LInen Closet Towels Folded

Opening the door to a neatly organized linen closet is truly a pleasure. Being able to easily put away sheets and towels, quickly find first aid or toiletry supplies…aaahh. Here’s how to go about it.

Start with a blank slate

Empty everything out into a laundry basket or nearby area and wipe down the shelves. Lining the shelves with contact paper is an added bonus. Follow the usual steps of SORT, GATHER LIKE ITEMS TOGETHER and PURGE really gets the amount down to what you want to keep. Toss out ratty towels or sheets and expired toiletries.

Towels

Separate hand towels and washcloths from bath towels. A basket or container can be useful to store these next to larger towels or they can just be folded on the shelf. Play with the folding of your towels to maximize how shelves are used. Folding in thirds often takes up less width of the shelf. Storing the towels with the folded edge facing out creates a very neat look.

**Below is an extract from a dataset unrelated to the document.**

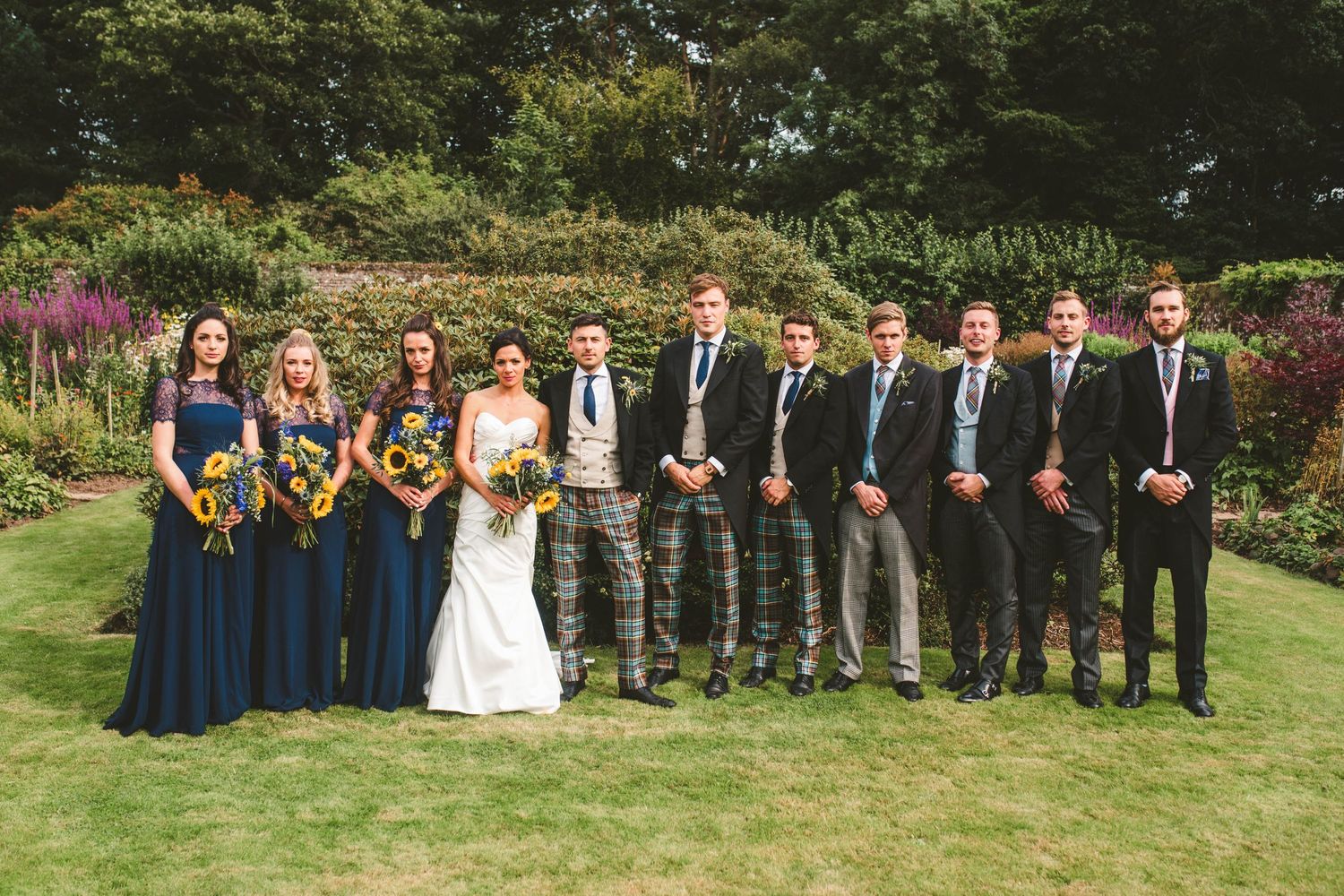 Formal wedding party line-up with navy bridesmaids dresses and Scottish kilts in garden setting.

If you know you or your family would never maintain a particular way of folding, don’t worry about it! Just make sure you limit your towel collection to what will comfortably fit on the shelf – no cramming and shoving to get them in there.

Sheets

There are different organizing options to choose from when it comes to sheets:

  • Rolled or folded together
    • Why bother folding at all? Space!  Wadded sheets that can’t stack or fit together tightly take up a lot more space.
  • OPTION: group each set into one of its pillow cases (fitted, flat, pillow case)
  • OPTION: group separate parts & sizes – all twin fitted together, all queen flat together, etc.
  • Consider keeping sheet sets in the rooms they go in to create more space in the linen closet
  • Low use sheets – such as for the guest bed or off-season, keep lower shelves or in the back.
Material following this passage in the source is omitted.